Exercise directions: Produce word for word the lines of the data below running from the one that has "ProtonVPN (Outdated) - See new Screenshot 2" to the one that has "Floor plan 3", inclusive, and no others.

Source records:
[Start of section]

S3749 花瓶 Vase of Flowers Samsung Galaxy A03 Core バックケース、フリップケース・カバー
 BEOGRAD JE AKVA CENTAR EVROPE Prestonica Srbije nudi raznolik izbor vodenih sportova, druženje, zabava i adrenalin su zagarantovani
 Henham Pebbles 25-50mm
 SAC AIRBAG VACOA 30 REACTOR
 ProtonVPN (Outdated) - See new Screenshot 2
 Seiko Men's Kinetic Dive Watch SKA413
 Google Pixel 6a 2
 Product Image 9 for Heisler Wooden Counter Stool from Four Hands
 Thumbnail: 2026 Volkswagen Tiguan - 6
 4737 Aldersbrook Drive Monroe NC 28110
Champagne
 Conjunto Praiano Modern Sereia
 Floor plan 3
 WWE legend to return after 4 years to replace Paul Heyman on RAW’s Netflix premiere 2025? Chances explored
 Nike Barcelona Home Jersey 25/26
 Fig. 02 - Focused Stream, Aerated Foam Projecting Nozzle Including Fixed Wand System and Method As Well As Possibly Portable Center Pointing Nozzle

[End of section]

Answer section:
 ProtonVPN (Outdated) - See new Screenshot 2
 Seiko Men's Kinetic Dive Watch SKA413
 Google Pixel 6a 2
 Product Image 9 for Heisler Wooden Counter Stool from Four Hands
 Thumbnail: 2026 Volkswagen Tiguan - 6
 4737 Aldersbrook Drive Monroe NC 28110
Champagne
 Conjunto Praiano Modern Sereia
 Floor plan 3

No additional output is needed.